Here's an excerpt from the British TV program "Top Gear" concerning U.S. Visas: rather topical for the current travails of our lab:
James: What we have down here is a selection of American muscle cars. Now the recipe for this for this sort of thing was always very simple: massive engine; crude, simple suspension; very low price; and finally [gesturing to a Dodge Challenger] some orange paint. Now, this sort of thing never really caught on in the civilised world and we thought that what with petrol prices being so high now, they'd have died out in America as well.
Richard: However, in the last few months three brand-new American muscle cars have arrived. So we thought we best pop over to the states and find out if they're any good.
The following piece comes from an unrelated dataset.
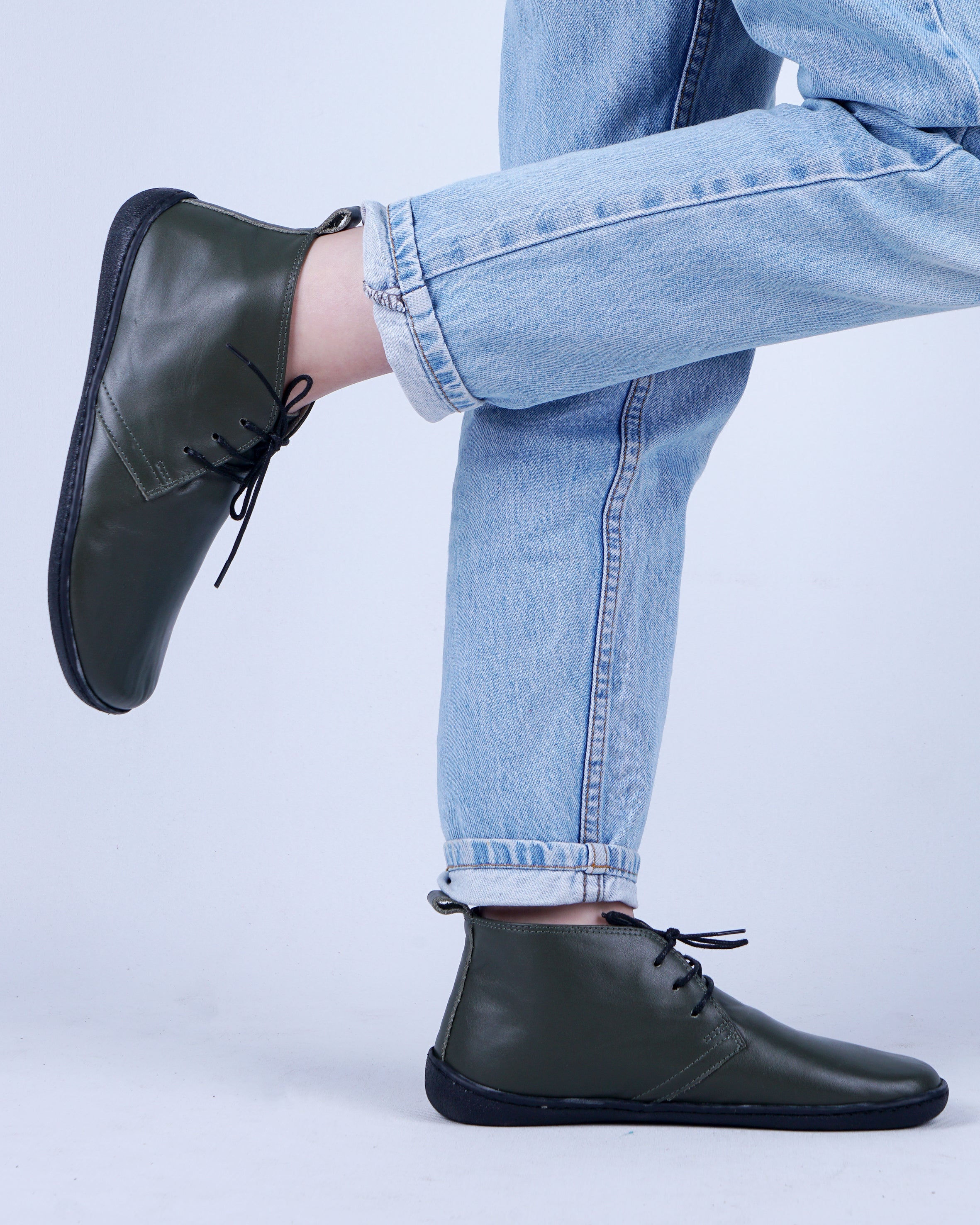 Green Ankle Boots Wide Barefoot Shoes Smooth Leather Handmade 6mm Rubber Outsole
Jeremy: Unfortunately, there was a problem. You see, we all have visas which allow us to go to America and make a factual documentary. But, since our last trip over there when I might have accidentally put a cow on the roof of my car, the American — the U.S. state department no less — has decided Top Gear is actually now an entertainment show.
James: And unfortunately that requires a different type of visa and we didn't have time to go and get one. So, in the end we were only allowed in to the country if we promised — this isn't a lie is it?
Jeremy: No, this is absolutely, hand on heart...
Richard: This is for real.
James: — if we promised not to be entertaining.
with credit to where I originally found this.